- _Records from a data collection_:
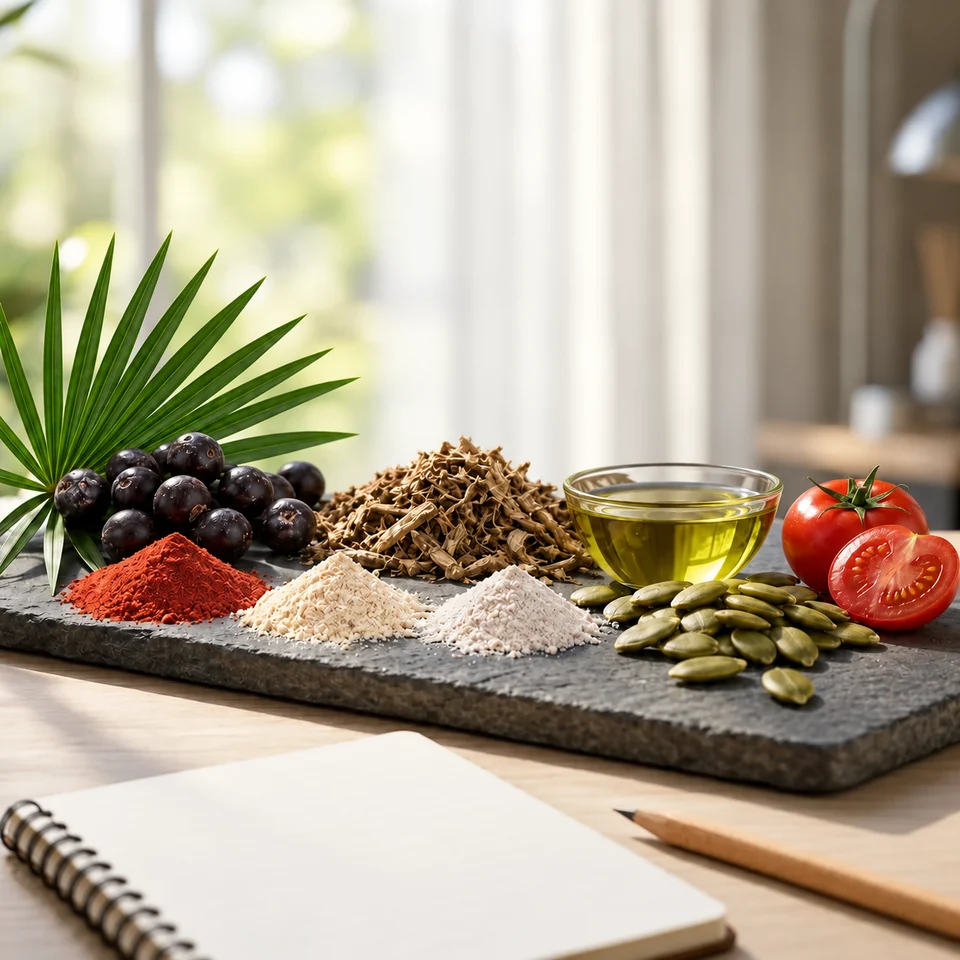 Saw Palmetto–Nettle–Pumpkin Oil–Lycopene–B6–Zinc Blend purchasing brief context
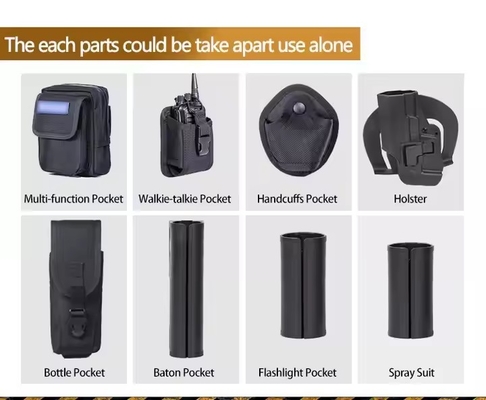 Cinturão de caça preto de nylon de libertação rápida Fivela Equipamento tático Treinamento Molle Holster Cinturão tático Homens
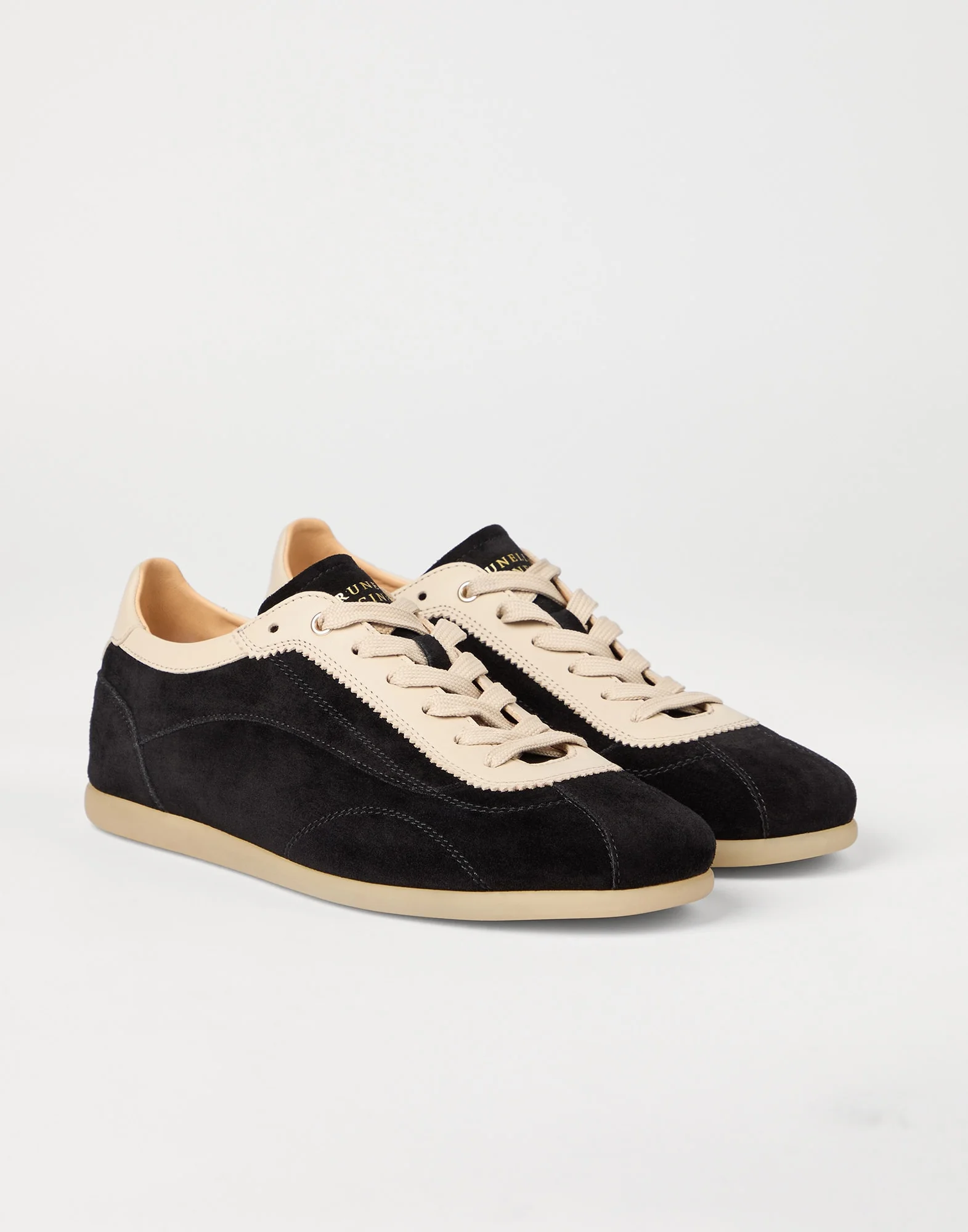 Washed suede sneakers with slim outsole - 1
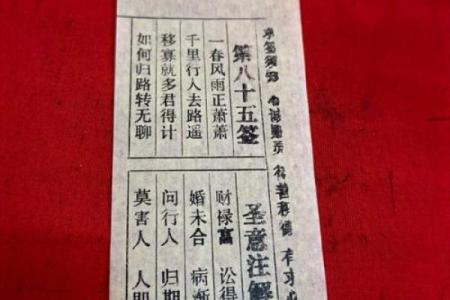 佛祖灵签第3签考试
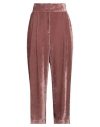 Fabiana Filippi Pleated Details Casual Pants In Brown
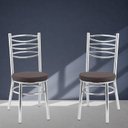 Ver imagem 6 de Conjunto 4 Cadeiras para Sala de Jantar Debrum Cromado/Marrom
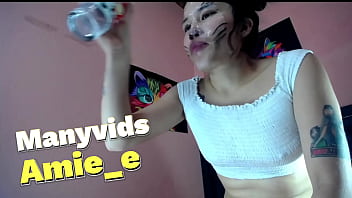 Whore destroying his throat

- _YOUR OBJECTIVE_: Repeat exactly the lines in the entries from the one containing "Ver imagem 6" to the final line, inclusive, and nothing beyond them; skip pictures.

- _ANSWER TO THIS TASK_:
 Ver imagem 6 de Conjunto 4 Cadeiras para Sala de Jantar Debrum Cromado/Marrom
 Whore destroying his throat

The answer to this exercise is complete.